Apr 23, 2012

Three Reliance Industries promoter group companies RPTL, RGTIL, RUPPL merged with holding firm RIHPL

In a complex restructuring move, three entities owned by the promoter group of Reliance Industries have been merged with another group affiliate in an exercise that resulted in recognizing an impairment of about Rs 15,800 crore.
The three entities - Reliance Ports and Terminals ( RPTL), Reliance Gas Transportation Infrastructure (RGTIL) and Reliance Utilities and Power (RUPPL) - will be merged with Reliance Industries Holding ( RIHPL), a company that is, in turn, owned by the promoters of RIL, Crisil said in a statement reaffirming the credit rating.
ET NOW, this newspaper's sister concern, had first reported the restructuring plan on March 21, this year. The restructuring involves demerger of investments (including impaired investments) to reduce cross holdings and loans and advances among group companies, transfer of businesses, and changes in redemption terms of some preference shares.
All three companies will now have a common owner.

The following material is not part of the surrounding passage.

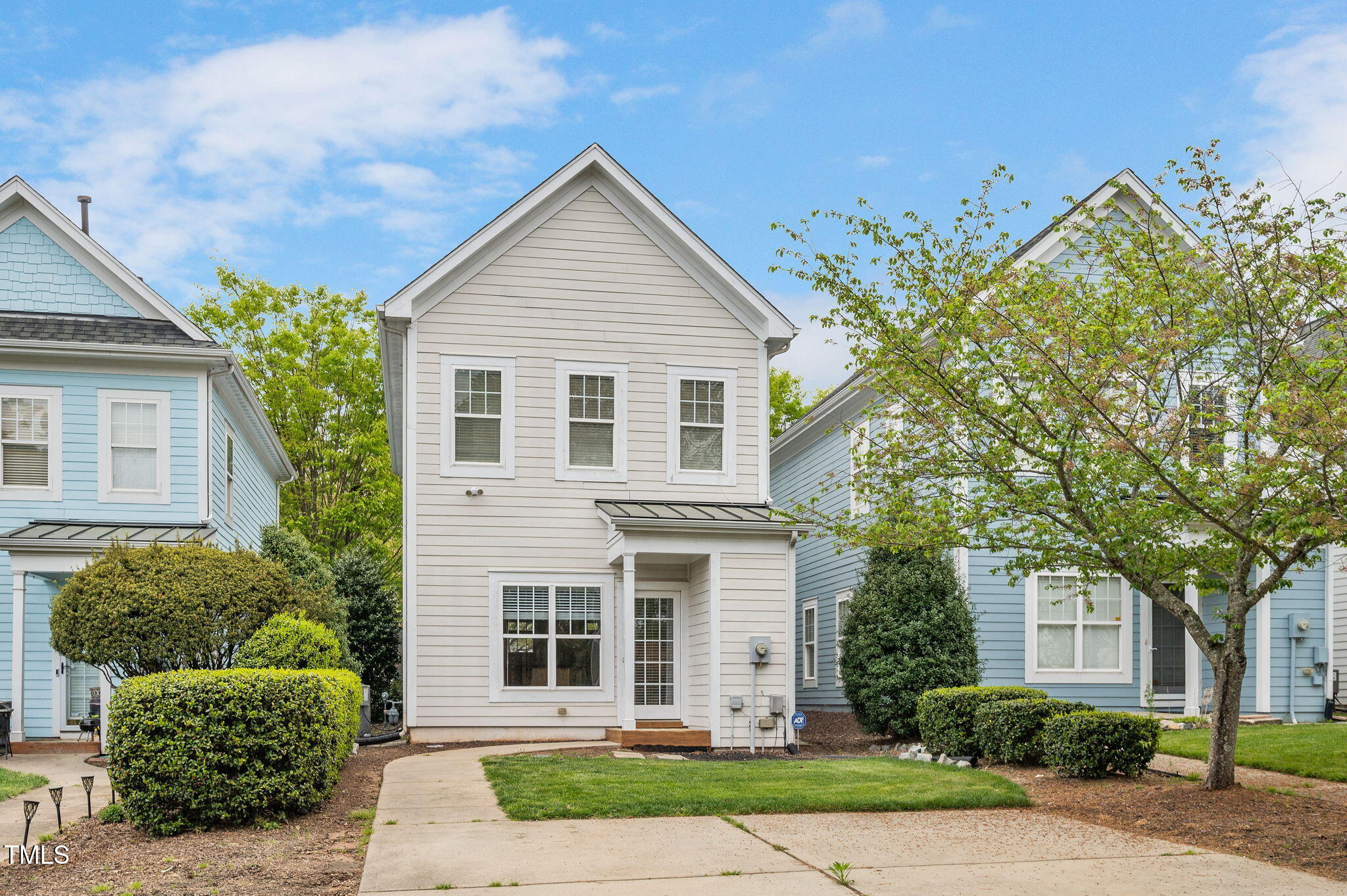 7819 ACC Boulevard Raleigh, NC 27617 - Photo 3 of 12 Driveway Entrance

The standalone net worth of the demerging companies are expected to decline. However, the aggregate external debt and cash flows for the three companies will not change materially as a result of the restructuring, Crisil said.
RIHPL's 100% ownership in PTL, RUPPL and RGTIL is in addition to the economic interest it holds in nearly 370 million RIL shares, either directly or indirectly.